COVID still seems to be unique in its ability to cause extended illness this way. Griffin says it’s possible for people who get influenza to get a problem known as long flu, but the proportion of people who wind up with that is about 1%. With COVID, right now, Griffin thinks that number is at least 5%.

That’s a big enough risk that Dr. Kristin Englund, an infectious disease specialist at the Cleveland Clinic in Ohio, says it shouldn’t be dismissed.

“Even a mild case of COVID may result in symptoms that last for weeks or four months or longer than that, so it is not something that I would take lightly,” she said.

How to stay safe

The pandemic was a kind of crash course in how to deal with contagious respiratory viruses. Experts say the protective measures we adopted then should probably be part of how we live now.

It’s still important to break out masks in crowded, poorly ventilated spaces when infections are rampant and to use rapid tests when you get sick so you know whether you might need to take antivirals. Everyone can benefit from vaccines and antivirals, but those are particularly important if you’re high risk: people over age 60, those who are pregnant, and those who have underlying health conditions or take medication that reduces their immunity.

“Those things haven’t changed in the past year,” Ranney said. “It’s just that we all thought this was done. And so now we’re having to re-remember what we did last fall to help manage the virus.”

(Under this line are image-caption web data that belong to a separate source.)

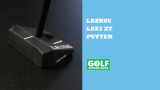 Lazrus LAZ2 ZT Putter Review (Zero Torque Mallet Reviewed)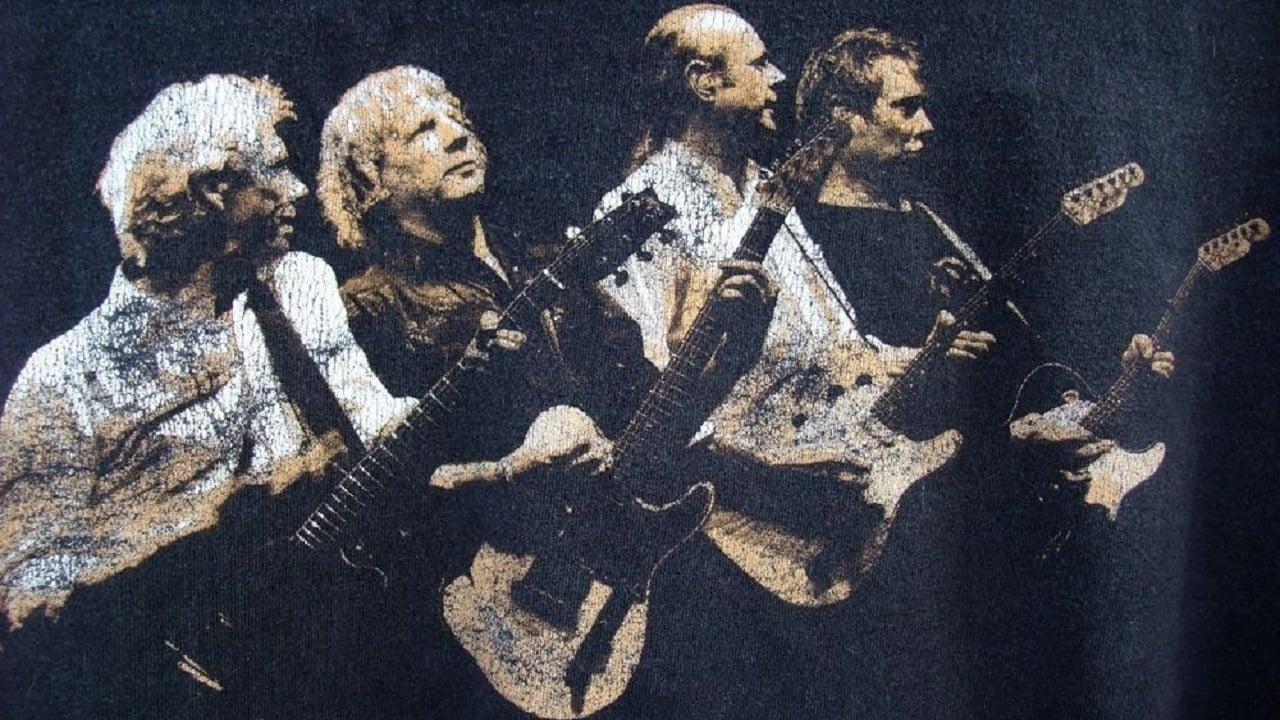 Status Quo - Just Doin' It! backdrop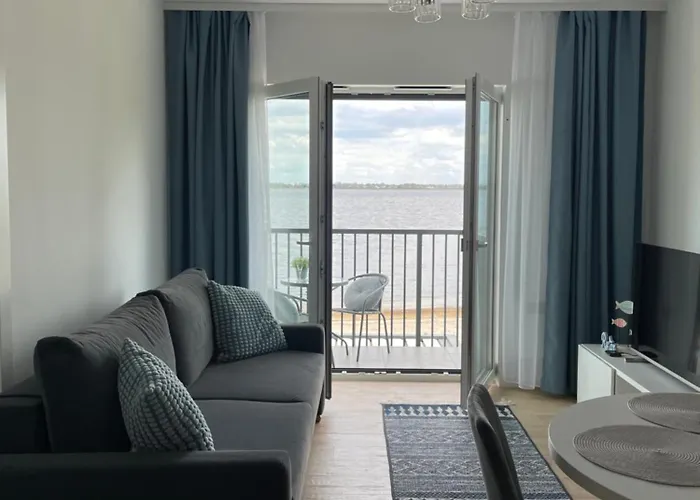 Апартаменты Blue Bay Дзивнув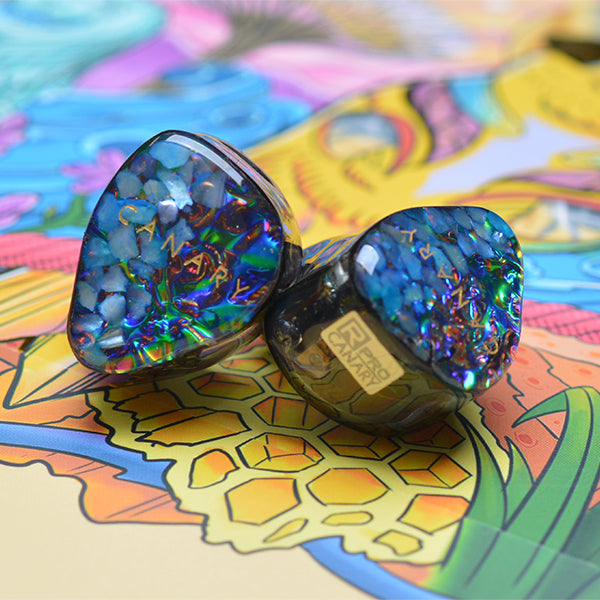 Canary Pro(Universal Fit)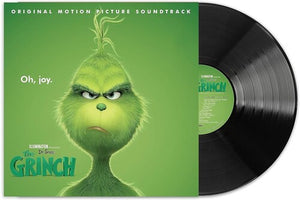 Various Artists - The Grinch Original Soundtrack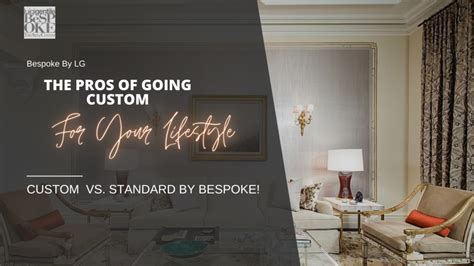 custom  standard   lifestyle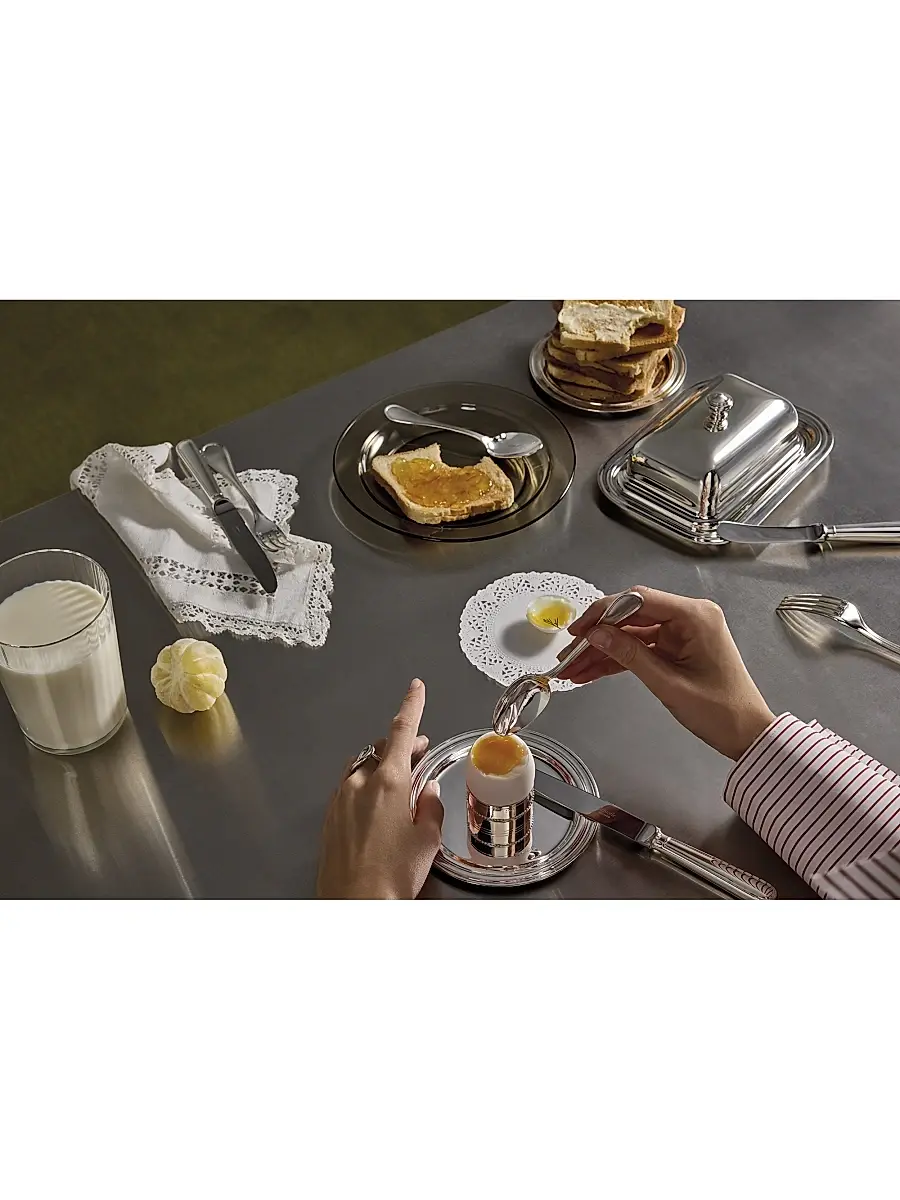 Christofle Albi 7-Piece Breakfast Duo Set | Thumbnail 5 Christofle Albi 7-Piece Breakfast Duo Set | Thumbnail 5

Dr. Ellie Murray, an epidemiologist at the Boston University School of Public Health, says we should treat COVID at least as seriously as we do the flu: “not just chicken soup but time off, bed rest, fluids and reduced contact with others while sick, plus vaccination and good hygiene to prevent infection.”

Murray notes that we used to think that there was nothing more we could do about the flu and that the level of annual deaths was the lowest it was going to get. The pandemic proved otherwise. “We can have fewer flu deaths, and decreasing those is easier even than decreasing COVID deaths,” she said.

“So a better approach would be to treat both the flu and COVID as a new normal, which includes all the things we used to do for the flu but also adds in ventilation, masking, testing and treatment. These additions will help reduce the burden of disease for both COVID and the flu.”